The Maryville Saints are the athletic teams that represent Maryville University of St. Louis, located in Town and Country, Missouri, in NCAA Division II intercollegiate sports. The Saints compete as members of the West Division of the Great Lakes Valley Conference (GLVC) for 23 of their 24 varsity sports. The only current exception is men's volleyball, in which it competes as a de facto Division I independent. Maryville has been a full member of the GLVC since 2009 and became an active member of Division II in July 2011.

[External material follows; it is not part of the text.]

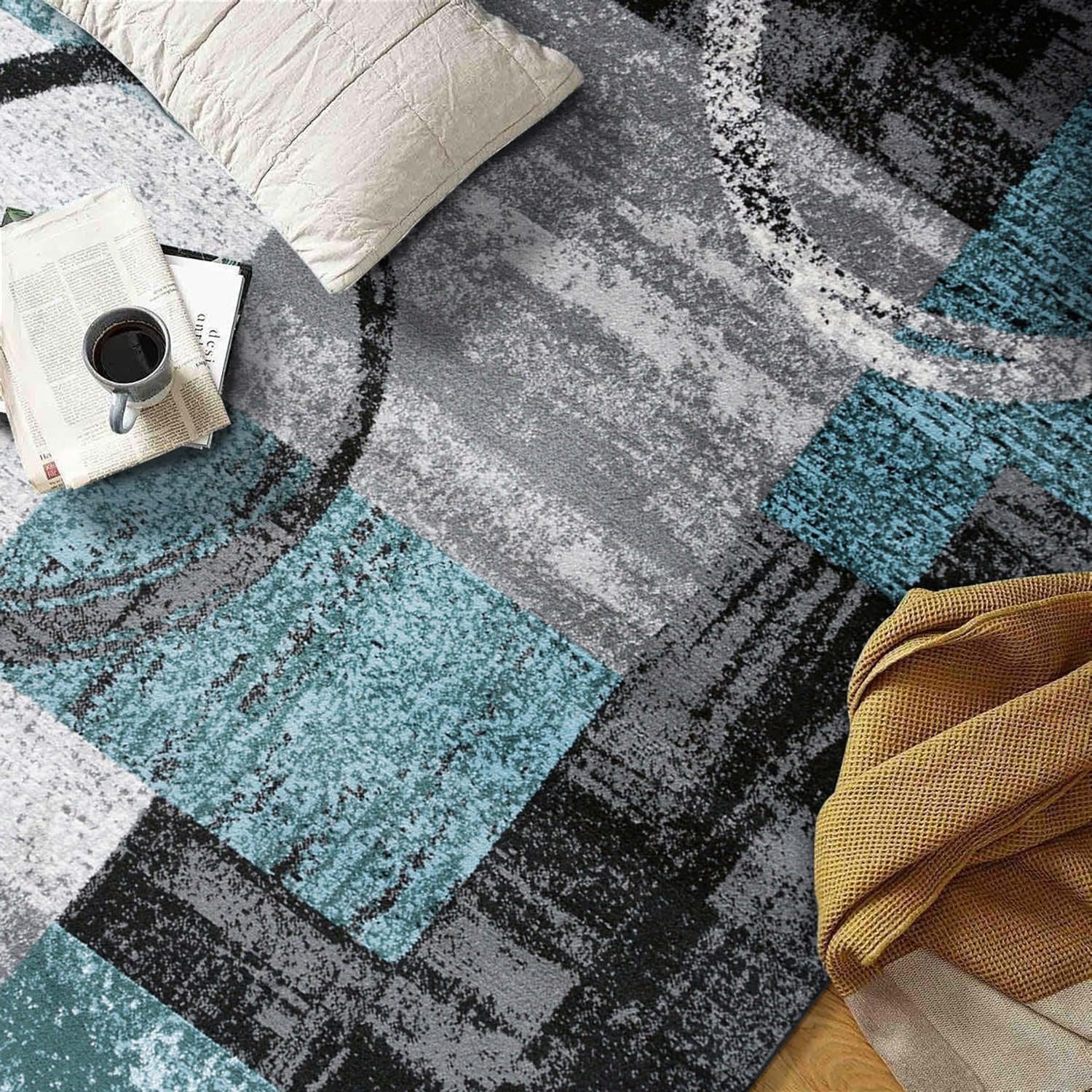 World Rug Gallery Abstract Polypropylene Machine-Made Circle Area Rug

The Saints had formerly competed in the St. Louis Intercollegiate Athletic Conference, a Division III conference, since 1989 and had competed in Division III sports since 1978.

Varsity teams

List of teams
 
 
Men's sports (12) 
Baseball
Basketball
Cross country
Golf
Lacrosse
Soccer
Swimming and diving
Tennis
Track and field (indoor and outdoor)
Volleyball
Wrestling
Ice Hockey ACHA

 
Women's sports (12) 
Basketball
Bowling
Cross country
 Field hockey
Golf
Lacrosse
Soccer 
Softball
Swimming and diving
Tennis
Track and field (indoor and outdoor)
Volleyball
Ice Hockey ACHA

Individual sports

Wrestling
In 2011, Maryville added wrestling to its athletic program. Head Coach Mike Denney previously led the University of Nebraska-Omaha (UNO) to Division II dominance with seven NCAA Division II titles before the program was eliminated just before UNO's transition to Division I. With the majority of the wrestlers having transferred from the UNO program, Maryville qualified for the NCAA championship in its first season and is consistently one of the top teams in Division II, placing third at the national championships in 2014 and 2015.